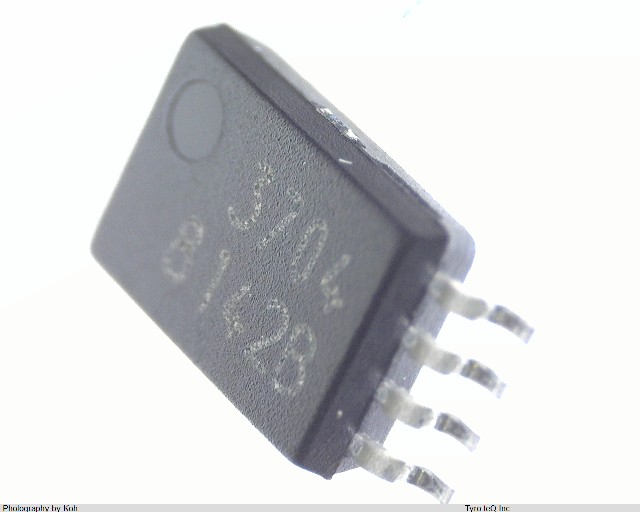SM8142BV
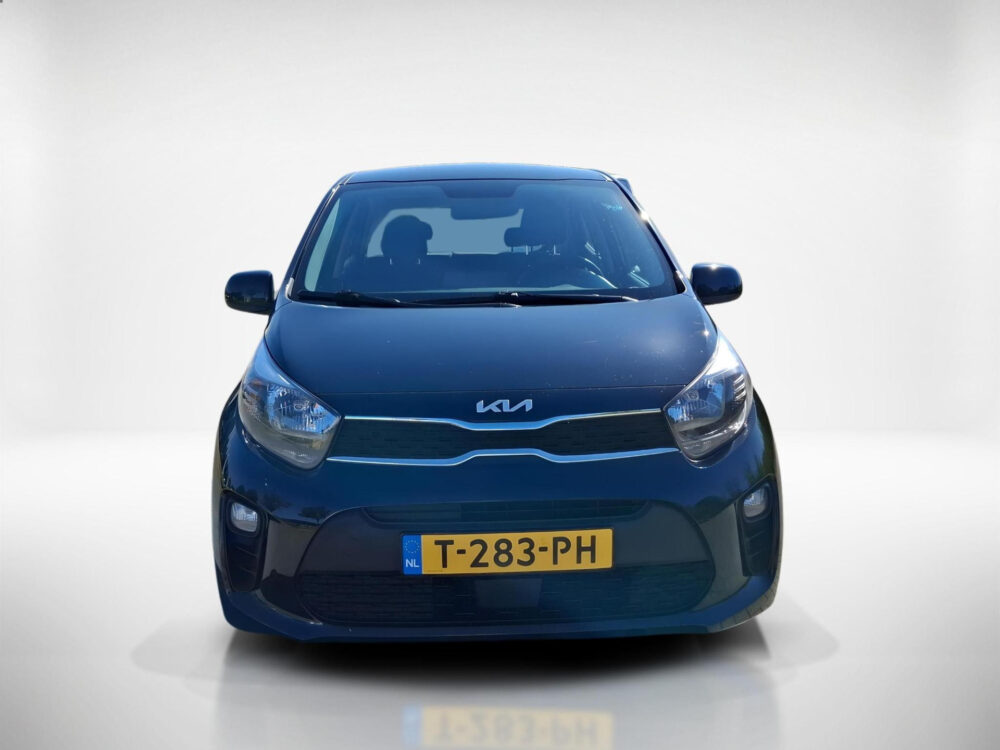 Kia Picanto 1.0 DPi DynamicLine 7
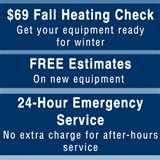 Photos of Heat Pumps Lexington Ky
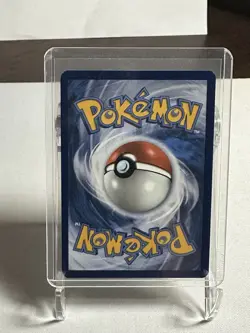 Electrike 196/182 Illustration Rare IR - Pokemon TCG - Destined Rivals - NM - Image 3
+ + + +
WORK TASK:
Print the material word for word without images.

RESULT:
SM8142BV
 Kia Picanto 1.0 DPi DynamicLine 7
 Photos of Heat Pumps Lexington Ky
 Electrike 196/182 Illustration Rare IR - Pokemon TCG - Destined Rivals - NM - Image 3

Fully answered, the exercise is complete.